Had they really all disappeared from the area or were some of them surveying the scene from their Martock lookout and deciding what to do next?



Up to that day, our France des Acadiens trip had been educational, lighthearted, happy, and fun but when we reached the US and Canadian War Cemeteries, everyone became somber and quiet.

We dropped our Cajun cousins off at the US Military Cemetery first.

Memories of D-Day

It seemed to be in the centre of town: traffic whizzing past an attention grabbing monument in front of the museum. There were a variety of reactions to it: smiles, photos, but raised eyebrows too.

As our busload of Acadians approached the Canadian Military Cemetery at Bény-sur-mer, we were surrounded by fields in cultivation. It was quiet, birdsong and gentil breezes stirred the air. We were the only visitors.

Canadian Cemetery flags

Our tour guides had thought of everything; small Acadian flags to place at tombstones, a plan for finding specific soldiers’ resting places, time to look over documents and spend quiet time with our fallen Canadians. Some members of our group talked with the lone maintenance man in hushed tones.

Bény-sur-mer entrance

Others had a mission. I found my friend, Carolyn’s grandfather’s tombstone and someone else paid tribute to a fallen uncle from the North Shore Regiment.  Clara and Marcelle from Clare found the name of a neighbour’s son. We all remarked at the Acadian surnames on the carved tombstones.

Dans ce cimetière reposent des soldats canadiens tués lors des premières semaines de la bataille de Normandie en juin et début juillet 1944. En marchant le long des rangées de pierre tombales blanche on réfléchi …des jeunes hommes, loin de leur pays et familles, dans un pays si beau et tranquille aujourd’hui… mais pas en été 1944.

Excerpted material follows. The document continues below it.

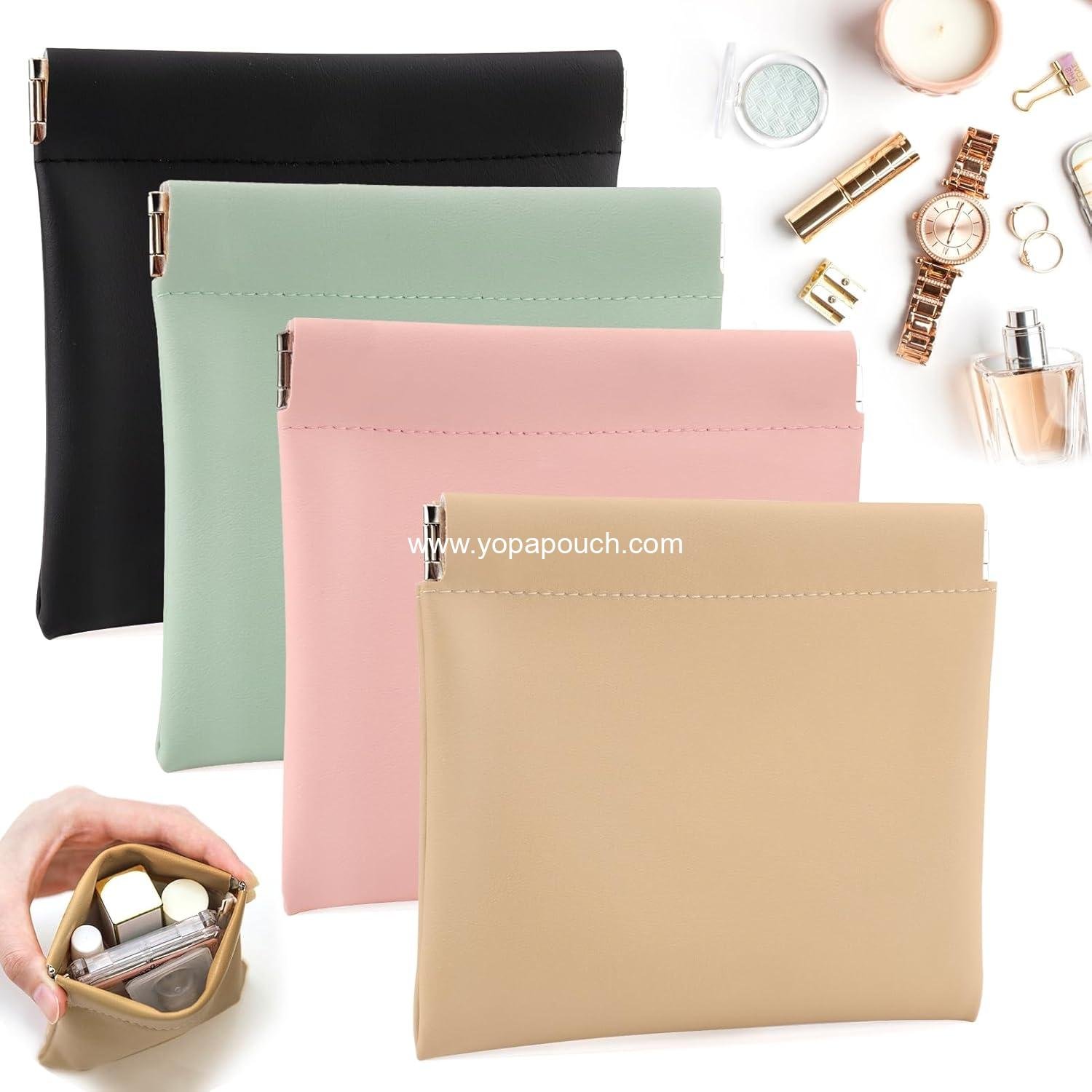 Wholesale Small Makeup Bag Set - 4 PCS Mini Portable Cosmetic Bags, Coin Purse & Lipstick Organizer for Women, Small Travel Storage Pouch - Manufacturer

L’enfer c’est souvenir. Hell is Remembering

St Aubin sur mer

Most of us know about the world wars but if you’re like me, living in Canada, you know about it in abstract ways unless your family was directly impacted. Books, movies, poems and personal stories from veterans have informed me, but until I was actually where it happened, it remained a historical event for me.

Our France des Acadiens tour took us to a beautiful seaside town called St Aubin sur mer where we were warmly received by residents who had survived the war and many who still had vivid memories of it. We were told that 90% of the houses along the beach were destroyed by bombardment. It was hard to believe when you looked at the buildings which have been reconstructed in the old style.

St Aubin sur mer has a particular connection with Acadians…particularly New Brunswick Acadians because it was the North Shore Regiment who liberated them from the Germans on June 6, 1944.

In preparation for our visit, we saw a movie to compliment the information we had already received prior to leaving Canada. I was interested to see who the 20 something North Shore Regiment men were and what had brought them here.

It was a familiar story in some ways. To say that their lives had been hard before the war would be one way to cover the facts. Education was minimal. Only hard physical work was available, if at all. Young Acadian men, hungry and wearing homespun clothes couldn’t help but admire the soldiers in their smart uniforms. So they volunteered even though they could not speak English and orders were only given in English.

Training took place in NB, then they were off to England to wait and train. Finally on June 6th, they were deployed. One of the men in the film spoke of the complete silence that reigned in the debarkation ship, each man thinking of their families and wondering if he would survive the day. Ordinary people doing extraordinary things. The title of this post is a quote from one of the veterans.

Over the years, I have heard some Acadians and Cajuns speak of the advantages they had during the Second World War because they could speak English and French. Here’s the St Aubin version. When the North Shore Regiment men reached the town of St Aubin sur mer, they were able to communicate with the terrified residents who could not speak English to the liberating forces. What an unexpected gift!

The bonds have held. Our group of Acadians and Cajuns were treated like visiting stars by residents who entertained us with traditional songs and were genuinely happy to see us, talk to us and tell us their stories.